Page:Voltaire - Œuvres complètes Garnier tome44.djvu/554

Le texte de cette page a été corrigé et est conforme au fac-similé.

Les affaires de Genève ne laissent pas de m’embarrasser. J’y ai une grande partie de mon bien ; toutes les caisses sont fermées. Je ne sais comment j’ai fait, moi pauvre diable, pour avoir une maison beaucoup plus grosse que celle de monsieur l’ambassadeur.

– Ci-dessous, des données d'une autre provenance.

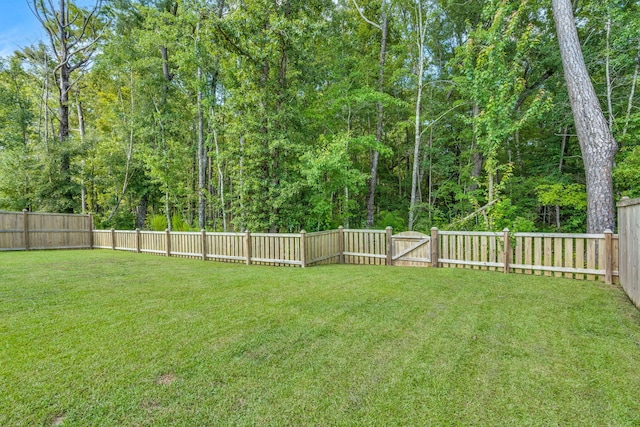 view of yard with a fenced backyard and a gate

Il se trouve qu’à Tournay et à Ferney je nourris cent cinquante personnes ; on ne soutient pas cela avec des vers alexandrins et des banqueroutes.

Pardonnez-moi de mettre à vos pieds mes petites peines ; c’est ma consolation.

Respect et tendresse.


6621. — À M. DAMILAVILLE.
19 décembre.

Dites, je vous prie, mon cher ami, à M. de Beaumont que j’ai reçu de M. Chardon une lettre charmante, dans laquelle il prend fort à cœur l’affaire concernant Canon[1], et celle des Sirven.

À l’égard des Sirven, j’ai pris mon parti. J’ai trouvé le public le premier des juges, et les suffrages de l’Europe me suffisent. Tant de difficultés me rebutent ; et pour peu qu’on en fasse encore, que M. de Beaumont m’envoie son mémoire, je ne veux pas autre chose ; je le ferai imprimer ; les Sirven gagneront leur cause dans l’esprit des bonnêtes gens : c’est à eux seuls que je veux plaire dans tous les genres.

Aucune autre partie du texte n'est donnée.